La oración es el corazón de la vida de la Comunidad de Sant’Egidio, su primera “obra”. Cuando termina el día todas las Comunidades, tanto si son grandes como si son pequeñas, se reúnen alrededor del Señor para escuchar su Palabra y dirigirse a Él en su invocación. Los discípulos no pueden sino estar a los pies de Jesús, como María de Betania, para elegir la “mejor parte” (Lc 10,42) y aprender de Él sus mismos sentimientos (cfr. Flp 2,5).

Siempre que la Comunidad vuelve al Señor, hace suya la súplica del discípulo anónimo: “¡Señor, enséñanos a orar” (Lc 11,1). Y Jesús, maestro de oración, continúa contestando: “Cuando oréis, decid: Abbá, Padre”.

Cuando oramos, aunque lo hagamos dentro de nuestro corazón, nunca estamos aislados ni somos huérfanos, porque somos en todo momento miembros de la familia del Señor. En la oración común se ve claramente, además del misterio de la filiación, el de la fraternidad.

Las Comunidades de Sant'Egidio que hay por el mundo se reúnen en los distintos lugares que destinan a la oración y presentan al Señor las esperanzas y los dolores de los hombres y mujeres “vejados y abatidos” de los que habla el Evangelio (Mt 9,37).
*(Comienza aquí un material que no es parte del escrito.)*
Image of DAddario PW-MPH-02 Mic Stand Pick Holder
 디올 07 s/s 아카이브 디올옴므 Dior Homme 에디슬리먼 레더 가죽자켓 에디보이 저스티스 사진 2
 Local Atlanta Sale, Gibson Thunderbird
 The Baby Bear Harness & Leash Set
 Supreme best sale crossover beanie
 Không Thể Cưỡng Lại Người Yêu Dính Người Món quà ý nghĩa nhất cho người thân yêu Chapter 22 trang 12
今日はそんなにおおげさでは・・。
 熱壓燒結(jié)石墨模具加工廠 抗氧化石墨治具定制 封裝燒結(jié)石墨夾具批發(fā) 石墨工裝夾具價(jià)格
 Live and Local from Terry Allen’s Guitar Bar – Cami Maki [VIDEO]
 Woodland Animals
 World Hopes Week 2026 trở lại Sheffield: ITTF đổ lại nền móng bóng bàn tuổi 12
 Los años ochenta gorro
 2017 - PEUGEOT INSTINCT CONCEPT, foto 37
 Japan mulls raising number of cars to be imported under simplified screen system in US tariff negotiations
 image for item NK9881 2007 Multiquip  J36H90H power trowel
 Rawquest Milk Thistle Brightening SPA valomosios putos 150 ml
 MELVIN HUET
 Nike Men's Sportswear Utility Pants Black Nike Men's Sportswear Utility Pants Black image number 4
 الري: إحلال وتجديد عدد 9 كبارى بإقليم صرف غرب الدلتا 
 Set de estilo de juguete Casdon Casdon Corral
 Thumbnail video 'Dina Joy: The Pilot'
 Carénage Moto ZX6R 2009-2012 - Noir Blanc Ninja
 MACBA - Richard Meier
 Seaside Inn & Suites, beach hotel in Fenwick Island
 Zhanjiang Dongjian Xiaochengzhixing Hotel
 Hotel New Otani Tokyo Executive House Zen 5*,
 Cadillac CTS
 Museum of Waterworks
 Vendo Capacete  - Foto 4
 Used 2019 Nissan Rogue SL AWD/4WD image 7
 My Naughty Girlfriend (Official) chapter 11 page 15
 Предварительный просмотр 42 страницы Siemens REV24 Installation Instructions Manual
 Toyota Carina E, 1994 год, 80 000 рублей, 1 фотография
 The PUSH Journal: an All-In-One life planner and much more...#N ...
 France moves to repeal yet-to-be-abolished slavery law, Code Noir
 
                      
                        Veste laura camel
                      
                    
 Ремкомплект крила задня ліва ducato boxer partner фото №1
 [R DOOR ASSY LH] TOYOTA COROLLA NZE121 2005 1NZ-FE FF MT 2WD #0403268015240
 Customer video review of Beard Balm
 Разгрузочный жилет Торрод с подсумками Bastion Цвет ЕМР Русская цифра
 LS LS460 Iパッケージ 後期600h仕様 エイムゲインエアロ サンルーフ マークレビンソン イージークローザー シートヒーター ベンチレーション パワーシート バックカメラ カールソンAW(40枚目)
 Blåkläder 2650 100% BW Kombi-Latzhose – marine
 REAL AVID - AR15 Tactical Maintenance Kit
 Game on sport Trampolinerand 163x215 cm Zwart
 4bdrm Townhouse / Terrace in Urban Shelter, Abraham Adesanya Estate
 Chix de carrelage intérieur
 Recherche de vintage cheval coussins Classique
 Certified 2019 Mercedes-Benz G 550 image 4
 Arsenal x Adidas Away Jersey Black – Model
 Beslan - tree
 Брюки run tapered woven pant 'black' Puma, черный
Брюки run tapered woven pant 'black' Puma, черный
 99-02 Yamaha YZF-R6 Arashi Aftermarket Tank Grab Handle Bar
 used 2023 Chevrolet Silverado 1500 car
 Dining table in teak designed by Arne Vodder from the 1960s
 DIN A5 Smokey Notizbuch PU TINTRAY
En aquella gente de entonces se incluyen los habitantes de las ciudades contemporáneas, los pobres que son marginados de la vida, todos aquellos que esperan que alguien les contrate (cfr. Mt 20).

La oración común recoge el grito, la aspiración, el deseo de paz, de curación, de sentido de la vida y de salvación que hay en los hombres y las mujeres de este mundo. La oración nunca es vacía. Sube incesante al Señor para que el llanto se transforme en alegría, la desesperación en felicidad, la angustia en esperanza y la soledad en comunión. Y para que el Reino de Dios llegue pronto a los hombres.